Ruiz estimates that the poke restaurants around town are getting their fish at $16–$22 a pound. But he says he can buy a whole tuna for four dollars a pound down at Tuna Harbor Dockside Market (held every Saturday in San Diego, the market is where local fishermen offload and sell their fresh catch). Most chefs don’t know how to butcher a whole fish, though.
"I can go to David Haworth, who operates the last tuna fleet in San Diego, and get the whole fish," he says. "When you get the whole fish you also get the kama [the collar, a delicacy], the cheeks, the head, the collagen, the toro, and the belly.
Ruiz credits his time in Japan with really setting in the importance of using the whole fish. He was granted full access to the world-famous Tsukiji fish market in Tokyo, apprenticing under a buyer who’d been there for 20 years, learning how to grade, sort, and buy the fish.

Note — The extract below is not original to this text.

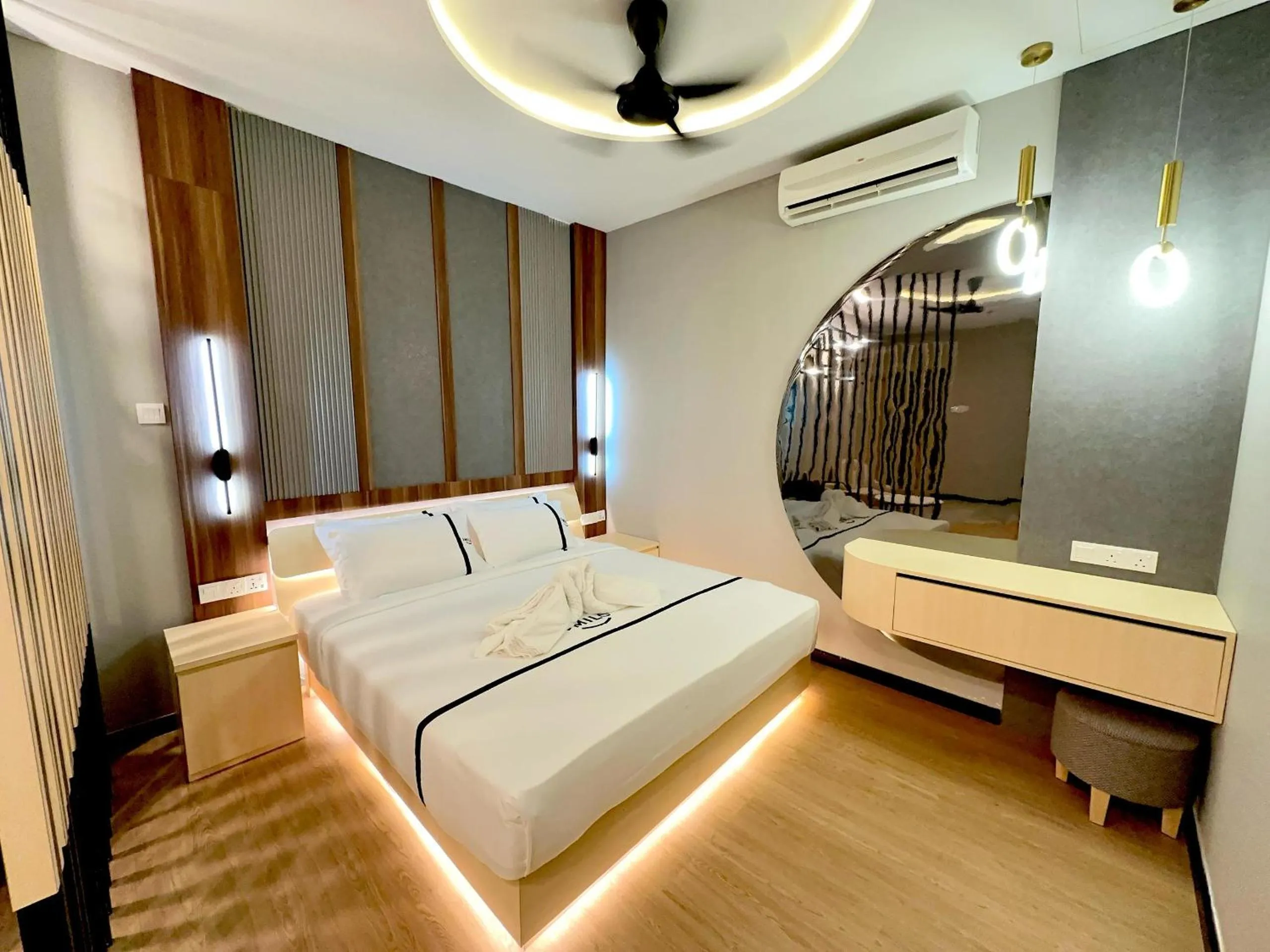 Bedroom, Bed in Sky Hotel Selayang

More importantly, he saw how deeply they honor the fish and the craft of being an itamae (sushi chef).
I’m doing it because the most critically endangered species in San Diego right now is a fisherman.
"I butchered a yellowtail and threw the bloodline in the trash like almost all chefs do in the US," he remembers. "They looked at me like I was a criminal. They made me take it out. I seasoned it with flake salt and put it on the grill, and it’s delicious. Tastes like steak in soy sauce. Then we’d take the heads of the fish and put them in the oven at 275 until it just falls apart. We ate tuna marrow. We hacked the bones and used them for roasting. Then we’d scrape off the meat and use them in dons [rice bowls].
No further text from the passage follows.